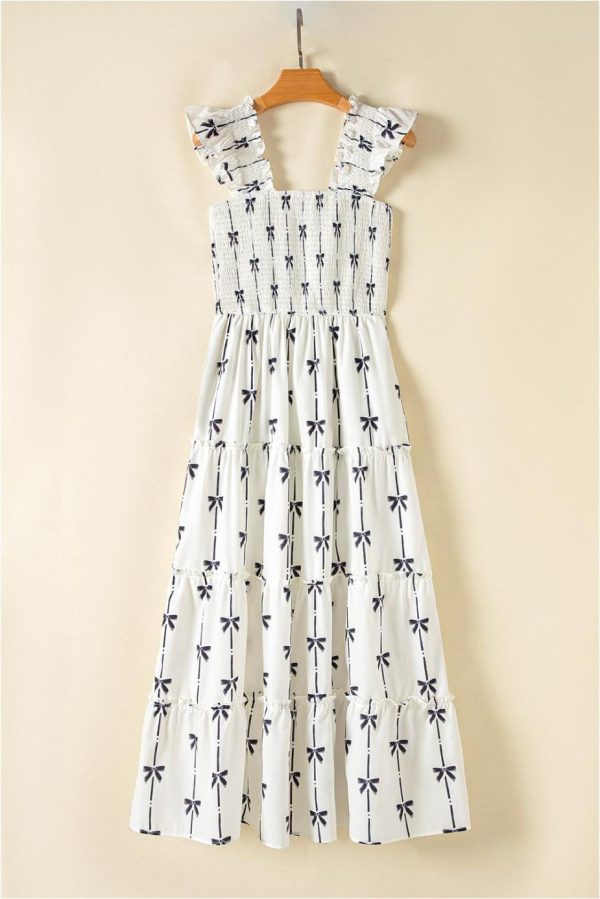 Maxi Dresses | Women Black Bow Print Smocked Ruffle High Waist Maxi Dress - Image 6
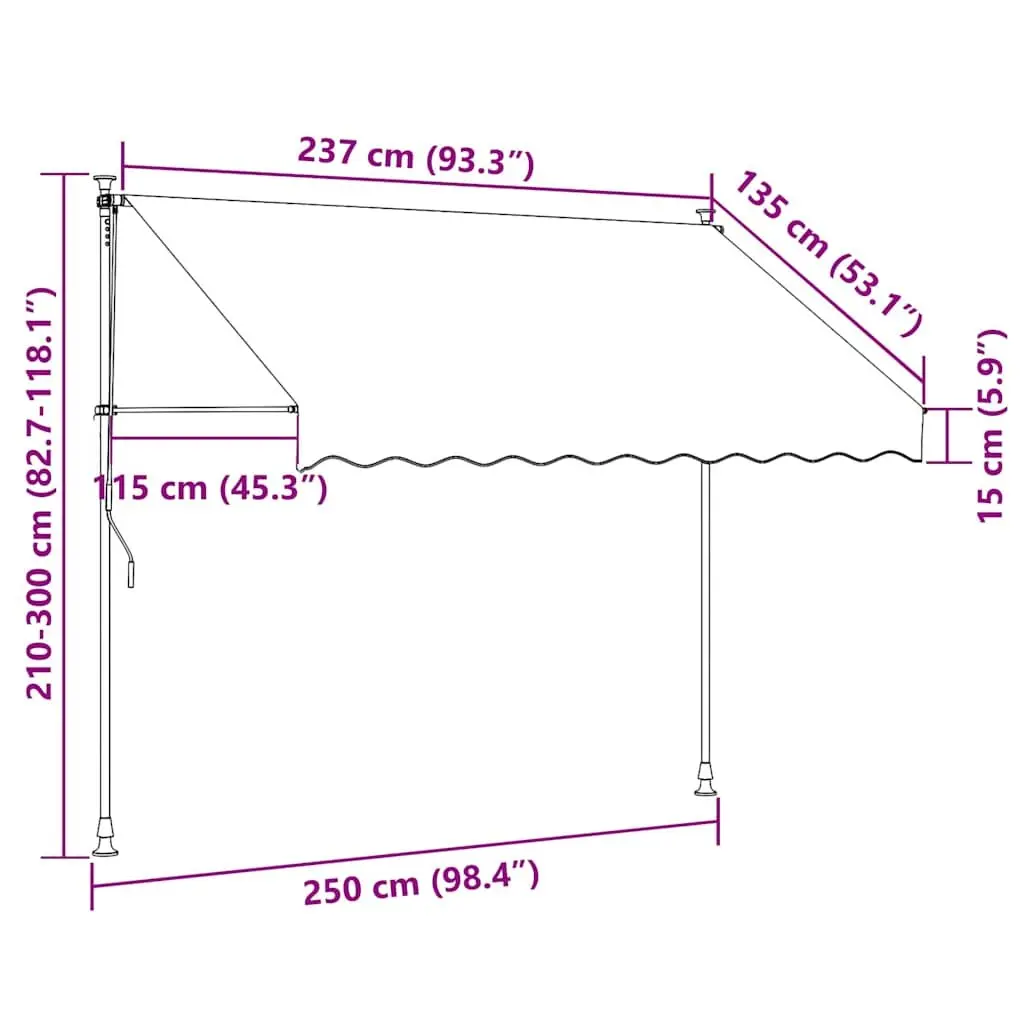 250cm Manual Retractable Awning with Solar Lights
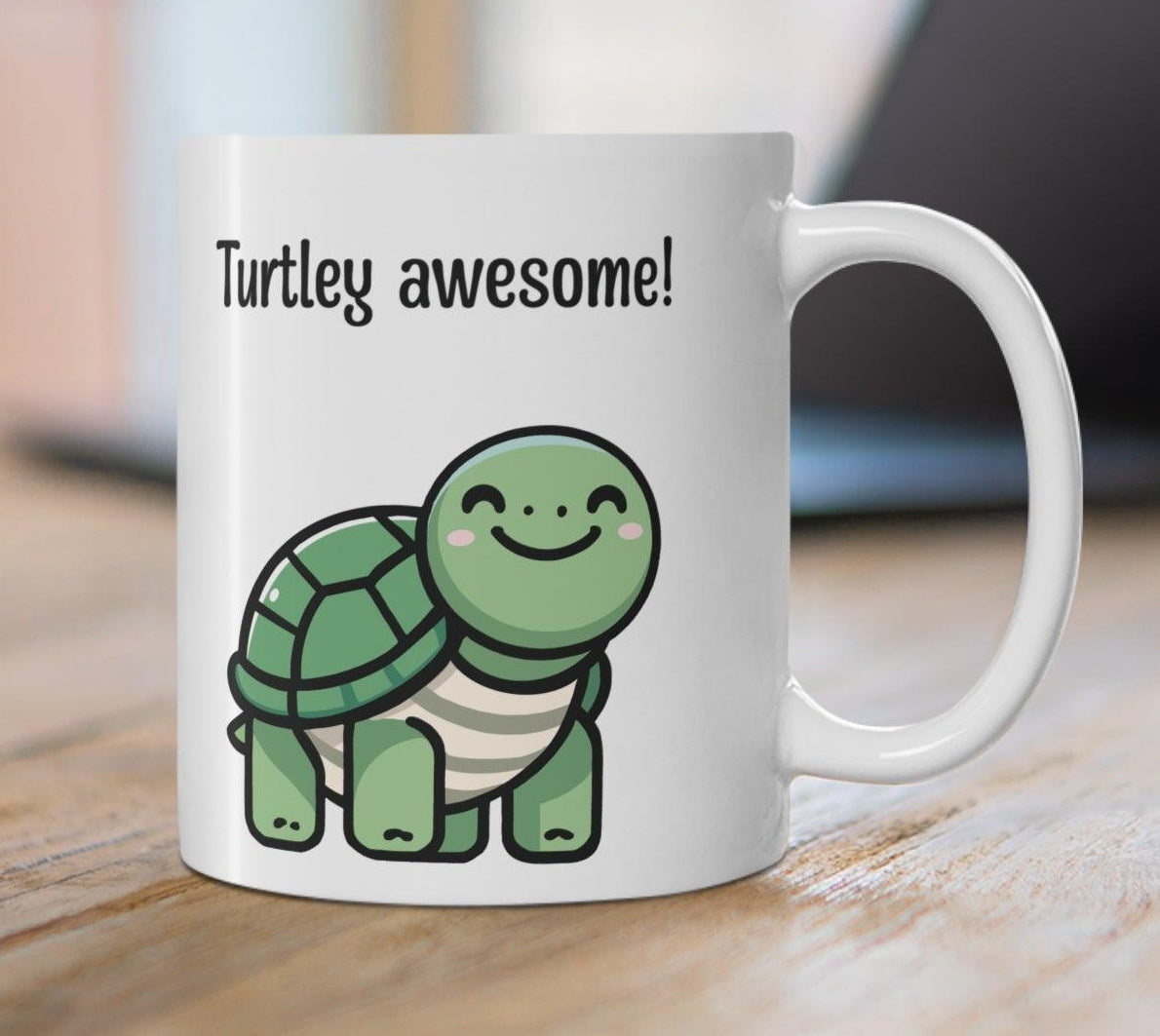 'Turtley Awesome!' Mug - "Cute white ceramic mug featuring a cartoon turtle and the playful text 'Turtley Awesome!,' perfect for turtle lovers and pun fans." KEOLIX 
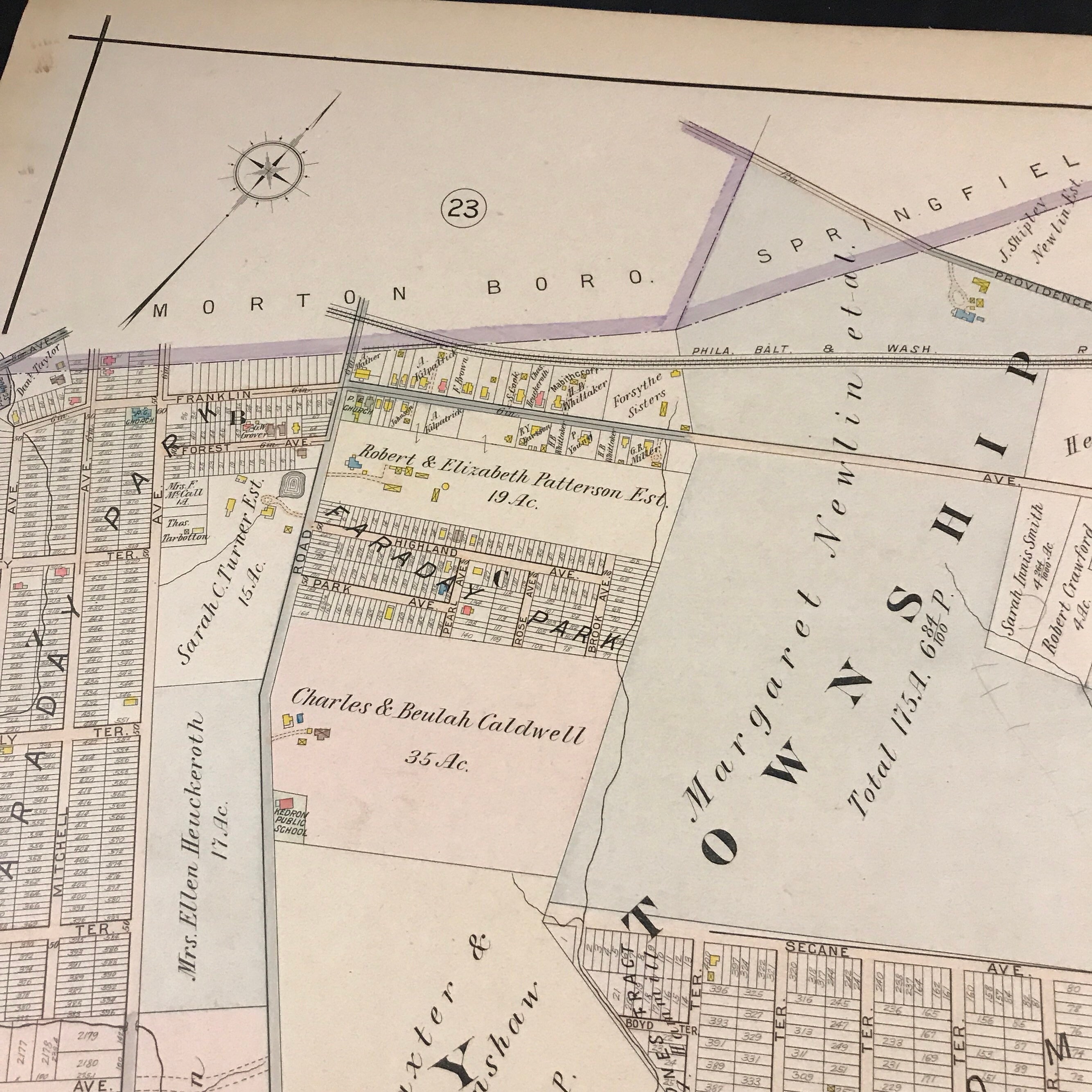 1909 Map of Darby and Ridley Townships Original Antique Map Etsy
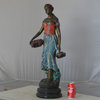 Beautiful lady with grapes bronze statue  - Size: 14"L x 6"W x 20"H.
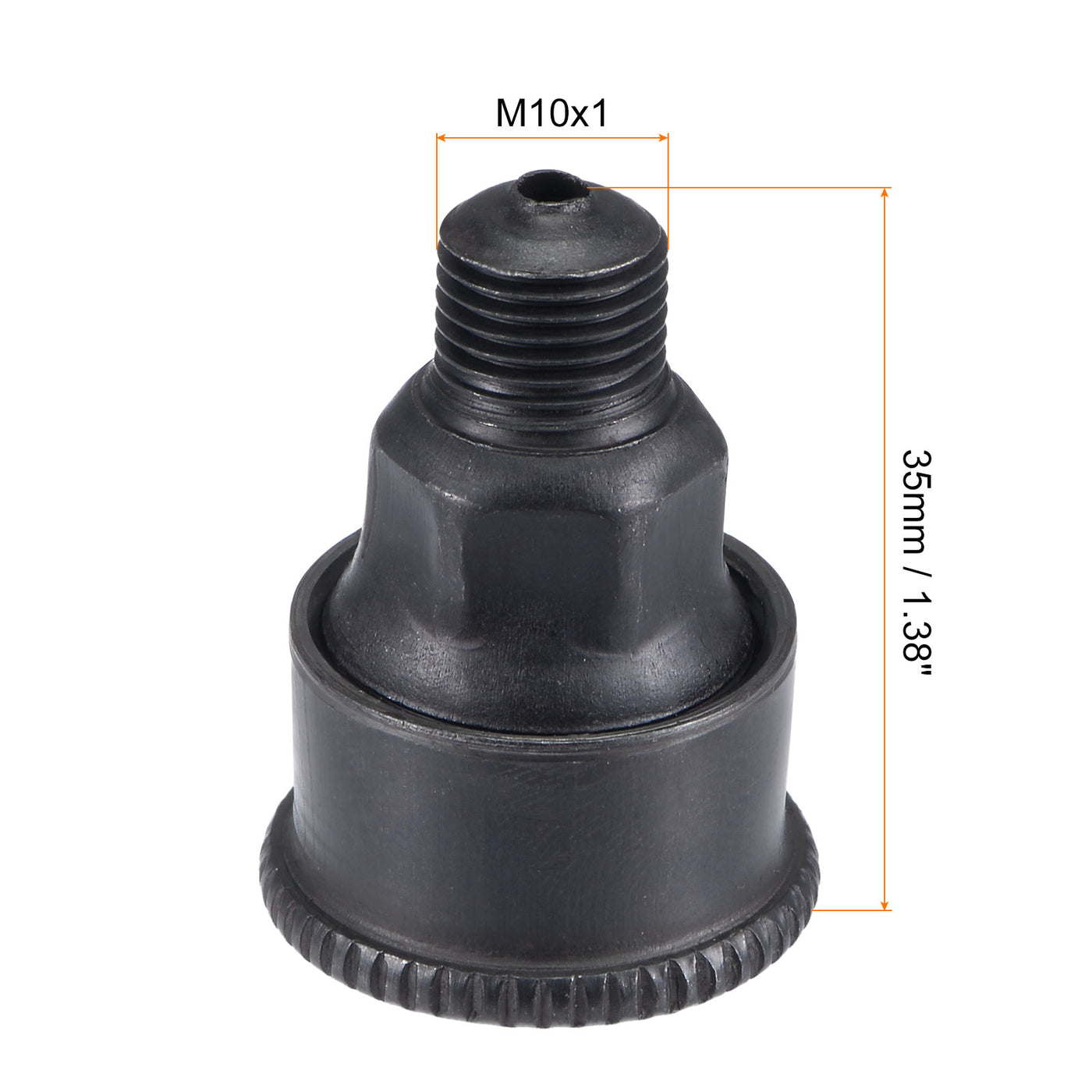 Harfington Machine Parts M10x1 Male Thread 3ml Grease Oil Cup Cap Carbon Steel Oiler Black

What you have to do -
Omitting all pictures, restate word for word the lines from the one containing "1909 Map of" through the last line of the data.

Answer to this task -
 1909 Map of Darby and Ridley Townships Original Antique Map Etsy
 Beautiful lady with grapes bronze statue  - Size: 14"L x 6"W x 20"H.
 Harfington Machine Parts M10x1 Male Thread 3ml Grease Oil Cup Cap Carbon Steel Oiler Black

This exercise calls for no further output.